人工衛星は、メガバーグの位置、形状、移動速度などを広範囲にわたって観測することができます。
また、航空機や船舶による観測も行われています。これらの観測データは、メガバーグの移動経路や融解速度を予測するために利用されます。
最近の研究では、メガバーグが海洋生態系に与える影響についても注目が集まっています。
例えば、メガバーグから溶け出した栄養塩が、植物プランクトンの成長を促進し、海洋の二酸化炭素吸収能力を高める可能性が示唆されています。
具体的には、植物プランクトンの成長に必要な微量栄養素である鉄分がメガバーグの融解水によって供給され、これが植物プランクトンの大規模なブルームを引き起こし、二酸化炭素の吸収を促進すると考えられています。
メガバーグにまつわる興味深い話題
メガバーグA23aは、1986年に南極大陸のフィルヒナー棚氷から分離したメガバーグですが、分離時にソ連時代の研究ステーションを乗せていたという興味深い過去があります 。
メガバーグに関する最新の研究成果
最新の研究では、メガバーグの融解が海洋循環に与える影響について、より詳細な分析が行われています。

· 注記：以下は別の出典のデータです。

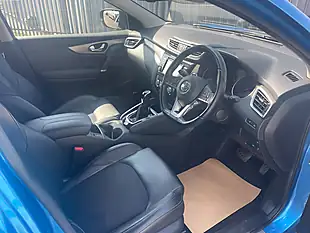 Used 2017 Nissan Qashqai Tekna Blue - Interior and Exterior details 10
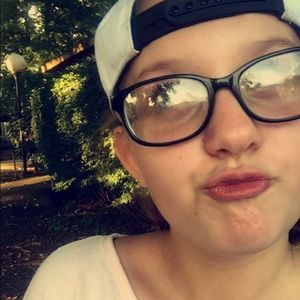 Meet your Posher, Sydney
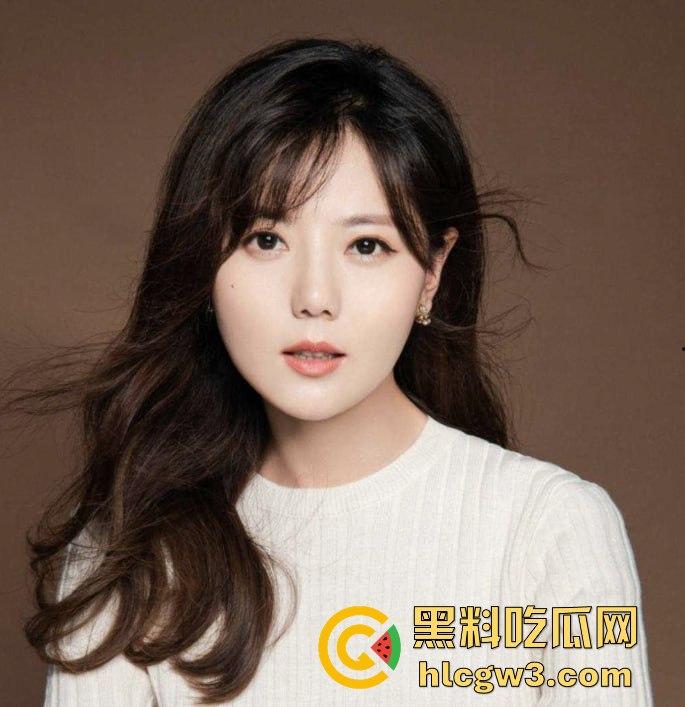 65岁绿地董事长『张玉良』KTV裸嗨,鸡巴细得像牙签骚女争抢舔,酒店女秘书被老头干到腿软精液满脸!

例えば、2020年から2021年にかけて南ジョージア島周辺で融解したメガバーグA68Aは、1,520億トンの淡水を海洋に放出したことが、Sentinel-1、Sentinel-3、MODIS、CryoSat-2、ICESat-2という5つの人工衛星を用いた観測で明らかになりました。
これは、ネス湖の貯水量の20倍に相当する量であり、海洋生態系に大きな影響を与えた可能性があります。

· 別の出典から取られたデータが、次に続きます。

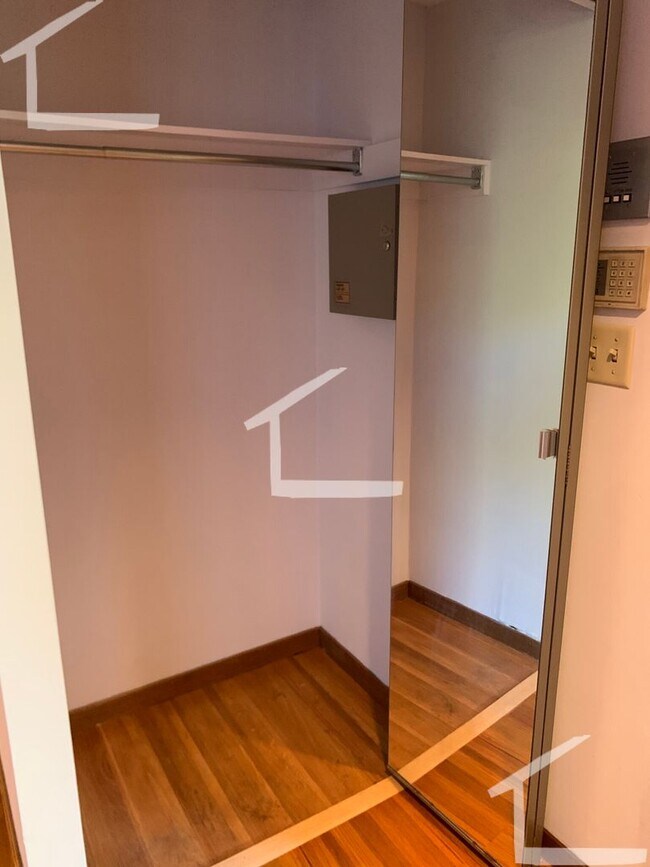 Building Photo - Coolidge Corner 1-Bed with Laundry in Unit...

A68Aの融解により、南ジョージア島周辺の海水の塩分濃度が低下し、海流や水温に変化が生じたと考えられています。
これらの変化は、島の海洋生態系に深刻な影響を与える可能性があり、今後の研究でその影響が明らかになることが期待されます。
また、メガバーグの融解が地球温暖化に与える影響についても研究が進められています。
メガバーグの融解は、海面上昇に寄与するだけでなく、海洋循環や海洋生態系を変化させることで、地球の気候システムに複雑な影響を与える可能性があります。
結論
メガバーグは、地球の気候や環境に多大な影響を与える可能性を秘めた巨大な氷山です。
地球温暖化の影響でメガバーグの形成頻度が増加している可能性があり、その影響についてより詳細な研究が必要です。

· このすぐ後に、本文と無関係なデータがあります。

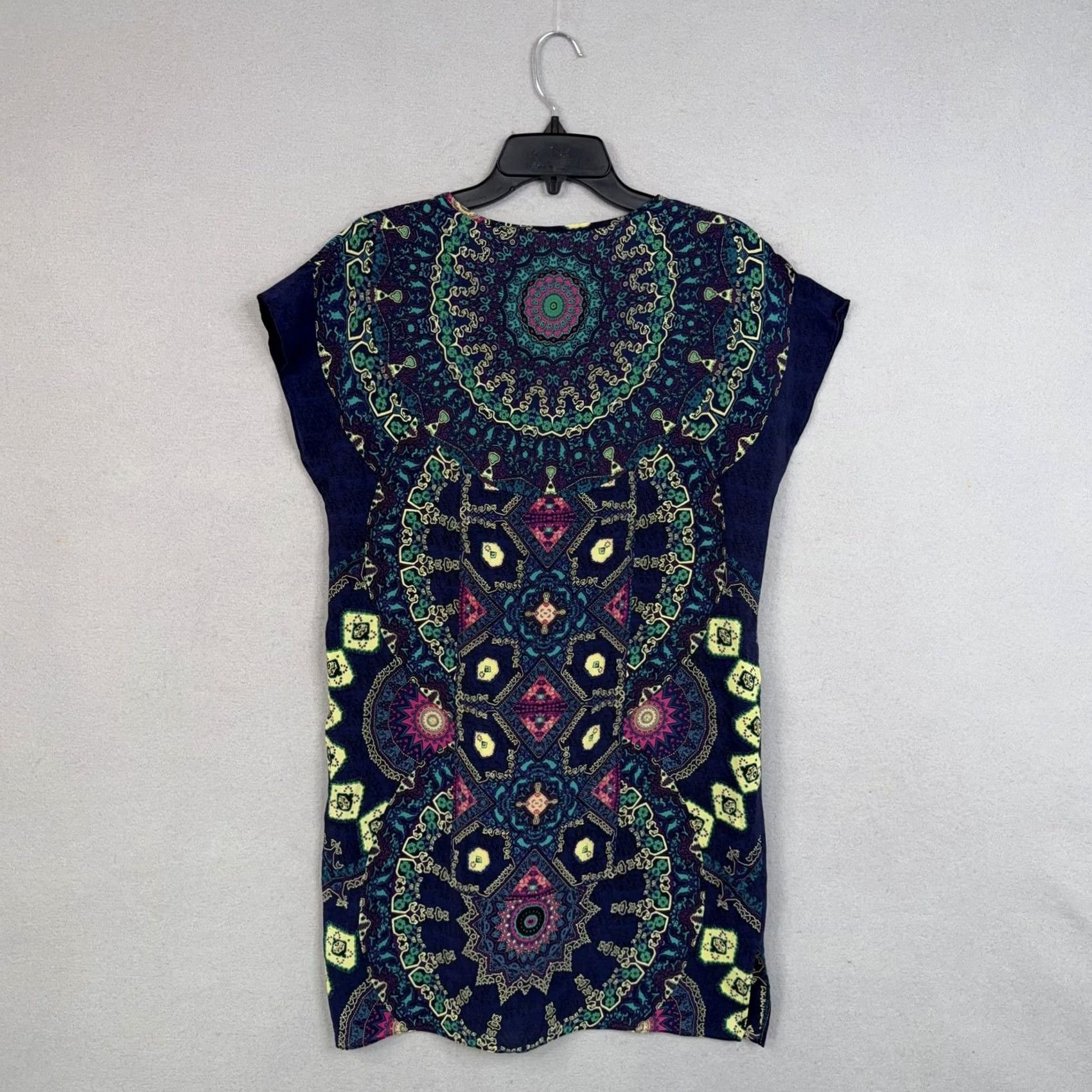 Vintage Maeve Dress Ws Small Blue Geometric Medallion Silk V Neck Shift Short Cap Sleeve Casual Size 28" / US 6 / IT 42 - 7 Thumbnail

特に、メガバーグA23aのように、南極大陸周辺の繊細な生態系に接近するメガバーグについては、継続的なモニタリングが不可欠です。
今後の研究により、メガバーグの形成メカニズム、移動経路、融解速度、そして気候や環境への影響についての理解が深まることが期待されます。
これらの知見は、氷床のダイナミクスや海洋学における現在の科学的議論にも貢献し、地球温暖化の進行を理解し、その影響を予測するための重要な手がかりとなるでしょう。